# [Your task]
Look below for the line holding "Mercedes-Benz GLA 180 7G-DCT Style - 12" and the line holding "DF - imagem". Repeat those two and everything between, exactly.

Data to process START

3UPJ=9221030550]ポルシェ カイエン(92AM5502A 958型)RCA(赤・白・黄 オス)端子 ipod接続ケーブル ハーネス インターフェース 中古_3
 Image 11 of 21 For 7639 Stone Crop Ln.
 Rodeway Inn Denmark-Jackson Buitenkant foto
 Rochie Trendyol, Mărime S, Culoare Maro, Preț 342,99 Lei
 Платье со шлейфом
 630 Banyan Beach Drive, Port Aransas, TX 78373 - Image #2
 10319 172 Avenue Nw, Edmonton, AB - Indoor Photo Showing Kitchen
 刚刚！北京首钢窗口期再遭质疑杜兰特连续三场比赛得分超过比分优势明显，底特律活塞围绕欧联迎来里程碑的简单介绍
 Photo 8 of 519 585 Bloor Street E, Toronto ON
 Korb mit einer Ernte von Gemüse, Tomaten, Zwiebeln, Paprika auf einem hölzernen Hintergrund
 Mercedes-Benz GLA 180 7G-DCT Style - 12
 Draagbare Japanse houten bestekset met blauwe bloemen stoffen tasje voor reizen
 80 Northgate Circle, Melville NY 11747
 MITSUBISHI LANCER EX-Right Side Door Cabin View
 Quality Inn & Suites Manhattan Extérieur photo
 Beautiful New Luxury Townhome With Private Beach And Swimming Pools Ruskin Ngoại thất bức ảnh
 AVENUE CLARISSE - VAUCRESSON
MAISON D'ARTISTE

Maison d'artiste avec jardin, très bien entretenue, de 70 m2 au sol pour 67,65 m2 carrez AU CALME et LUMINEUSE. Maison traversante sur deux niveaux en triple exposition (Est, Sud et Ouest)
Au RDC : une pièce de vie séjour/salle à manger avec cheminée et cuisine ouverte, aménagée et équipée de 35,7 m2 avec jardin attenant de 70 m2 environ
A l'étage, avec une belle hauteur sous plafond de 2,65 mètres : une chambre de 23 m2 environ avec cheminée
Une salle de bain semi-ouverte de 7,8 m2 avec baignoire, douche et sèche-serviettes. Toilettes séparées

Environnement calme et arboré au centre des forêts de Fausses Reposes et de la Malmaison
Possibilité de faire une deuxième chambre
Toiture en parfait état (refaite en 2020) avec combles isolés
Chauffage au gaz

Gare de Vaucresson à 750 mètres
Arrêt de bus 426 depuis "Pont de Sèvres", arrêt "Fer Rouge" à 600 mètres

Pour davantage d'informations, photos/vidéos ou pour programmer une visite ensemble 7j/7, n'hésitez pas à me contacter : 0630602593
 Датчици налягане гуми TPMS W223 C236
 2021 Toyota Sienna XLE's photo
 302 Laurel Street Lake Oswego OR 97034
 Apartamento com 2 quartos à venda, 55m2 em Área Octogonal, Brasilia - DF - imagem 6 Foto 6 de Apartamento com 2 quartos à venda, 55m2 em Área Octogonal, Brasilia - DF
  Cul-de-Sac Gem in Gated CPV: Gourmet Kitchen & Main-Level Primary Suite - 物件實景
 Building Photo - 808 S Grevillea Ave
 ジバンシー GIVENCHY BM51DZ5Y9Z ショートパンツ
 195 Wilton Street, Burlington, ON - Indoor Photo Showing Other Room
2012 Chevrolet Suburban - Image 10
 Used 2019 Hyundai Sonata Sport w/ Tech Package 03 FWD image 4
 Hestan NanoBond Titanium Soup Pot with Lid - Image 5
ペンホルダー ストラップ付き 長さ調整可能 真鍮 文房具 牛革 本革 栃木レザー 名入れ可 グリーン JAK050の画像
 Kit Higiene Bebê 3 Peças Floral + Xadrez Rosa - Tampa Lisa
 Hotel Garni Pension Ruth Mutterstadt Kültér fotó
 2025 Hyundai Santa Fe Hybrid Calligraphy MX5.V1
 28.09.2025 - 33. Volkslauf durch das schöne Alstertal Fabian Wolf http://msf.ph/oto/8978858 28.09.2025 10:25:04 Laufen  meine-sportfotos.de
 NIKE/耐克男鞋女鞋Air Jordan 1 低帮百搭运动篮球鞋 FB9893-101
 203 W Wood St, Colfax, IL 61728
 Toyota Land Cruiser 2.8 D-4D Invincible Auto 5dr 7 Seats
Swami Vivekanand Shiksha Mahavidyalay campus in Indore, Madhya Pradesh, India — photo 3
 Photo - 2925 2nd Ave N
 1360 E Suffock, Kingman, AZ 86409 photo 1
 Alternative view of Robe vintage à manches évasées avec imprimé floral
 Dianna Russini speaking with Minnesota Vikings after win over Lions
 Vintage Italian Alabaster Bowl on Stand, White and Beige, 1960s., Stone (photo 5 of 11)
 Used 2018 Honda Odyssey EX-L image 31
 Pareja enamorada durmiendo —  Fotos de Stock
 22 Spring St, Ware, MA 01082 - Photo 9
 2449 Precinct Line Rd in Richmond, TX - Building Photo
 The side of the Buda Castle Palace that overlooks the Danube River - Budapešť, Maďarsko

Data to process END

# [Answer section]
 Mercedes-Benz GLA 180 7G-DCT Style - 12
 Draagbare Japanse houten bestekset met blauwe bloemen stoffen tasje voor reizen
 80 Northgate Circle, Melville NY 11747
 MITSUBISHI LANCER EX-Right Side Door Cabin View
 Quality Inn & Suites Manhattan Extérieur photo
 Beautiful New Luxury Townhome With Private Beach And Swimming Pools Ruskin Ngoại thất bức ảnh
 AVENUE CLARISSE - VAUCRESSON
MAISON D'ARTISTE

Maison d'artiste avec jardin, très bien entretenue, de 70 m2 au sol pour 67,65 m2 carrez AU CALME et LUMINEUSE. Maison traversante sur deux niveaux en triple exposition (Est, Sud et Ouest)
Au RDC : une pièce de vie séjour/salle à manger avec cheminée et cuisine ouverte, aménagée et équipée de 35,7 m2 avec jardin attenant de 70 m2 environ
A l'étage, avec une belle hauteur sous plafond de 2,65 mètres : une chambre de 23 m2 environ avec cheminée
Une salle de bain semi-ouverte de 7,8 m2 avec baignoire, douche et sèche-serviettes. Toilettes séparées

Environnement calme et arboré au centre des forêts de Fausses Reposes et de la Malmaison
Possibilité de faire une deuxième chambre
Toiture en parfait état (refaite en 2020) avec combles isolés
Chauffage au gaz

Gare de Vaucresson à 750 mètres
Arrêt de bus 426 depuis "Pont de Sèvres", arrêt "Fer Rouge" à 600 mètres

Pour davantage d'informations, photos/vidéos ou pour programmer une visite ensemble 7j/7, n'hésitez pas à me contacter : 0630602593
 Датчици налягане гуми TPMS W223 C236
 2021 Toyota Sienna XLE's photo
 302 Laurel Street Lake Oswego OR 97034
 Apartamento com 2 quartos à venda, 55m2 em Área Octogonal, Brasilia - DF - imagem 6 Foto 6 de Apartamento com 2 quartos à venda, 55m2 em Área Octogonal, Brasilia - DF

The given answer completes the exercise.